Pasco suspect denies trying to kill ex-girlfriend

PASCO -- A murder suspect said he didn't mean to kill his pregnant 19-year-old ex-girlfriend, he was just trying to put her to sleep, court documents revealed.

Kurtis Robert Chapman and Shenay Greenough apparently were fighting over a recent break-up when he allegedly strangled her and left her under his father's Pasco home.

An autopsy Thursday confirmed that the West Richland woman died of strangulation, said Franklin County Coroner Dan Blasdel.

The autopsy also showed that Greenough was more than 30 weeks pregnant, he said.

Greenough's family said she was expecting a girl in mid-June that she planned to name Kyana Shenay.

It took Dr.
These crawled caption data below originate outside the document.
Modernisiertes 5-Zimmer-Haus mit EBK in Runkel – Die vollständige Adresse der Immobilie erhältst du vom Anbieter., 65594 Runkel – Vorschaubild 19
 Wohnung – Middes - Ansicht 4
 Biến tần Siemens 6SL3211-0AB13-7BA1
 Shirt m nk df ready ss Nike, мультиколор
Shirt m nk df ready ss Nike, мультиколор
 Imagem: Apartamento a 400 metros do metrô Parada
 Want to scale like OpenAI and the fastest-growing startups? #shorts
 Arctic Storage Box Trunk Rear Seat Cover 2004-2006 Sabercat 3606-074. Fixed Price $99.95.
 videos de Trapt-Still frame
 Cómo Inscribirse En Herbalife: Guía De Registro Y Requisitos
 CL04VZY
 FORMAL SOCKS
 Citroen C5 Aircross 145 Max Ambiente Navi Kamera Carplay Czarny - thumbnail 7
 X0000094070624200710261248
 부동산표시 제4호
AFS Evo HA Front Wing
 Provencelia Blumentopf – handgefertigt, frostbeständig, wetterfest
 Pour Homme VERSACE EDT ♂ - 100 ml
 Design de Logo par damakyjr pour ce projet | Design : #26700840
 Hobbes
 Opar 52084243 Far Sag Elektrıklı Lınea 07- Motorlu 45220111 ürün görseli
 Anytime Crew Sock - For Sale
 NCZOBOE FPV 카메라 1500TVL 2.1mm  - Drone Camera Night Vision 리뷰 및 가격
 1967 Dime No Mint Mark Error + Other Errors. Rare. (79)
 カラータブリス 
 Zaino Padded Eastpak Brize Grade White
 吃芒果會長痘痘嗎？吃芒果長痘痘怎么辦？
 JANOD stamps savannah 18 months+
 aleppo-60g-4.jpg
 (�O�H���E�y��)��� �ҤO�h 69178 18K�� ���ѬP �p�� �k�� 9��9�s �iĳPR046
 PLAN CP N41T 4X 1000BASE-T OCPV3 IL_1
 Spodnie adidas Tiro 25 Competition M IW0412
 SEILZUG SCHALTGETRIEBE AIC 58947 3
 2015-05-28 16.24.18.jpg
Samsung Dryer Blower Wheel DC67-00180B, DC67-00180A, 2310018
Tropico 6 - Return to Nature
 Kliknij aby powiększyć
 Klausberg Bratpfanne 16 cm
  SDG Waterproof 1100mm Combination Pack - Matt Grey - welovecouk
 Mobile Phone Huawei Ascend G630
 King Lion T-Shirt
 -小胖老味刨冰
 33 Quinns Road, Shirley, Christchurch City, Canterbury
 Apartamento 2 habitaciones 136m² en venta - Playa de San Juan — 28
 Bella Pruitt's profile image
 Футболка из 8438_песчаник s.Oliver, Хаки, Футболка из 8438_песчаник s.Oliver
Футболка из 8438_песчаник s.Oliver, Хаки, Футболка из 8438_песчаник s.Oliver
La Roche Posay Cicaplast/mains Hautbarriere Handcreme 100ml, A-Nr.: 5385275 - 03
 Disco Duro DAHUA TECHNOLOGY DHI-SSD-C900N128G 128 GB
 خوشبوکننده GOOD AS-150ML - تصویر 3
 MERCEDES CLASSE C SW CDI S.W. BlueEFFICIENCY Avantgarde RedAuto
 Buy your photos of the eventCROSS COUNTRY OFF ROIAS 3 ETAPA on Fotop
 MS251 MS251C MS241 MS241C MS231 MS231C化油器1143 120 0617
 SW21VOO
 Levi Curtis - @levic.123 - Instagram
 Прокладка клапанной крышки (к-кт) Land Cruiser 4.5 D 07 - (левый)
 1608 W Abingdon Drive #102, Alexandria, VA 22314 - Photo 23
Daniel Selove, a forensic pathologist from Everett, more than five hours to complete the autopsy on Greenough and her baby.

The autopsy started about an hour before Chapman, 22, of Pasco, made his first appearance in Franklin County Superior Court.

Chapman is charged with second-degree murder and is expected back in court Tuesday afternoon to enter a plea. Bail remained at $1 million.

Supporters for the victim and the suspect packed into the courtroom for the brief but emotional hearing.

Hazel Green, Greenough's longtime friend, wept as Chapman walked in and Judge Robert Swisher started reading Chapman his rights.

"It was just unreal," Green said later.

Attorney Matt Rutt was appointed to represent Chapman, who is a former client.

After the hearing, Chapman's father, Robert, said he wanted to send his condolences to Greenough's family.

Greenough's body was found Monday under the Waldemar Avenue home of Chapman's father. Chapman also lives at the east Pasco home.

Two days earlier, Greenough's mother, Christina Sullivan, reported her daughter missing to West Richland police.

Christina Sullivan said Greenough left her West Richland home Saturday morning with Chapman, and another witness said Greenough and Chapman were seen leaving a Kennewick location around 3 p.m. Saturday, court documents said.

A witness said she had gotten text messages from Greenough between 3 and 4:25 p.m., saying she and Chapman were fighting over their break-up.

Then around 6 p.m., Chapman reportedly returned to the Kennewick location without Greenough and said he strangled Greenough and left her under his father's Pasco home, documents said.

Greenough's stepfather, James Sullivan, said Greenough and Chapman were dating off and on for about a month, but he didn't like Chapman because Chapman was a control freak.

Sullivan said he just figured Greenough and Chapman "hooked up and ran away together" after she left the house Saturday because "she was saying she wanted them to be together forever and ever."

Then they learned from police officers that Greenough had been strangled.

"That's the day Chris really went over the edge," James Sullivan said.

James Sullivan said he is surprised his wife is holding up as well as she is. He said she plans to attend all the court hearings if she can.

"She wants to be there ... to make him feel real bad about what he did to her daughter," James Sullivan said.

What should be a joyous time making plans for a new granddaughter is now full of grief as the family makes funeral plans for Greenough and the baby.

Chapman is not the father of the baby, or Greenough's nearly 2-year-old son, Ayden, James Sullivan said.

"We're grateful that Ayden wasn't there Saturday. He could have been another victim," James Sullivan said, adding that the toddler is now with his father.

An account has been established in Shenay Greenough's name at Gesa Credit Union for donations to help her family.

Her friends are planning a candlelight vigil at 7:50 p.m. Sunday at Volunteer Park in Pasco, which is across the street from the courthouse.

Green said she is hoping Greenough's friends and family will attend the vigil to talk about Greenough, and she is making arrangements for a domestic violence advocate to attend.

"Domestic violence is so common now days, people don't realize how common it is," Green said. "She died of domestic violence. It's a serious matter."